§ **Data below**:
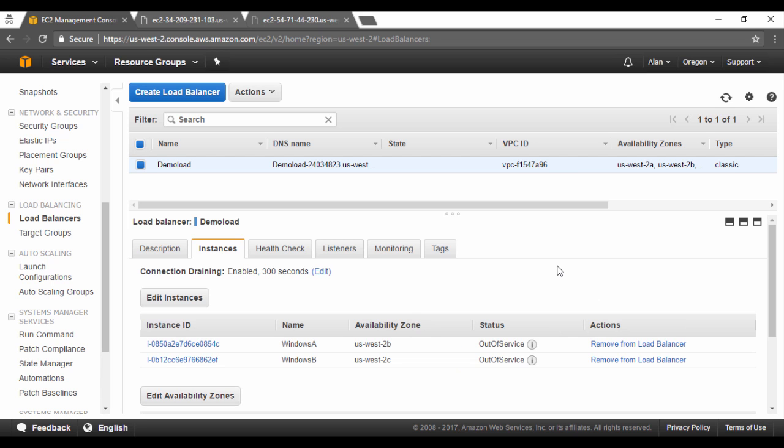Now the load balancer is actually coming into effect. Now you will see that the status of both the instances is out of service. That is because as the ELB is being created, it still has to do its health checks to ensure that the Windows instance is healthy or not. Let's wait for a couple of minutes and come back when we have some sort of status update on the instances.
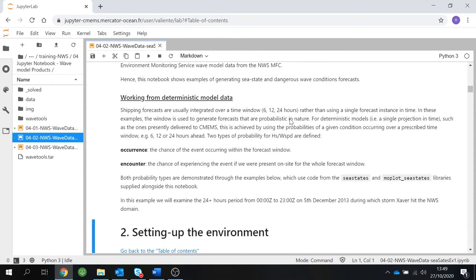Sea bean forecasts are usually integrated over a time window. This time window can be from six to 24 hours or more, rather than using a single forecast instance in time. In these examples, the window is used to generate forecasts that are probabilistic in nature. For deterministic models such as the ones delivered by Copernicus Marine, this is achieved by using the probabilities of a given condition occurring over a prescribed time window.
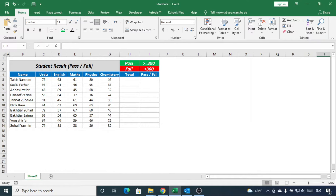So you have this student's result sheet and you want Excel to calculate total as well as to determine which student is passed and which is failed based on the passing marks.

§ **Problem requirements**: Repeat every line above precisely; pictures do not belong in the copy.

§ **Expected answer**:
Now the load balancer is actually coming into effect. Now you will see that the status of both the instances is out of service. That is because as the ELB is being created, it still has to do its health checks to ensure that the Windows instance is healthy or not. Let's wait for a couple of minutes and come back when we have some sort of status update on the instances.
Sea bean forecasts are usually integrated over a time window. This time window can be from six to 24 hours or more, rather than using a single forecast instance in time. In these examples, the window is used to generate forecasts that are probabilistic in nature. For deterministic models such as the ones delivered by Copernicus Marine, this is achieved by using the probabilities of a given condition occurring over a prescribed time window.
So you have this student's result sheet and you want Excel to calculate total as well as to determine which student is passed and which is failed based on the passing marks.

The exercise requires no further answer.